FDA Probes Malfunctions Of Medical Devices Made By Man Who Has Championed Patient Safety

A Food and Drug Administration investigation last year found that Masimo Corp. did not adequately look into reports of problems with its devices, ProPublica reports, even though the company owner, Joe Kiani, has created a foundation dedicated to eliminating medical mistakes. In addition, the Boston Globe examines how medical technology companies are looking for new strategies to boost sales.

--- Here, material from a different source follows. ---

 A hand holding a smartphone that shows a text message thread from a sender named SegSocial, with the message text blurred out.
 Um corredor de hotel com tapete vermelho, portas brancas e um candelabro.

NPR/Propublica: Medical Company May Be Falling Short Of Its Patient Safety Ideals
When medical device entrepreneur Joe Kiani announced his commitment to eliminating medical mistakes, he did it with panache. His medical device company, Masimo Corporation, funded the launch of a nonprofit called the Patient Safety Movement Foundation. And at its flashy inaugural summit in 2013 ... Kiani pledged to galvanize the medical industry to reduce the number of deaths from medical errors across the country from hundreds of thousands a year to zero. ... Now people will see whether Kiani, and his company, Masimo, walk the talk. Keeping patients safe requires device makers to respond appropriately to complaints. But an inspection by the Food and Drug Administration last year found Masimo didn't adequately investigate dozens of reports that its devices may have malfunctioned (Allen and Waldman, 10/6).

Boston Globe: Med-Tech Companies Seek Ways To Boost Sales
Facing intensified pressure from cost-conscious hospitals and doctors groups, the medical technology sector is embracing new strategies — from merging to bundling their products with new offerings and support services — to boost sales and profits (Weisman, 10/7).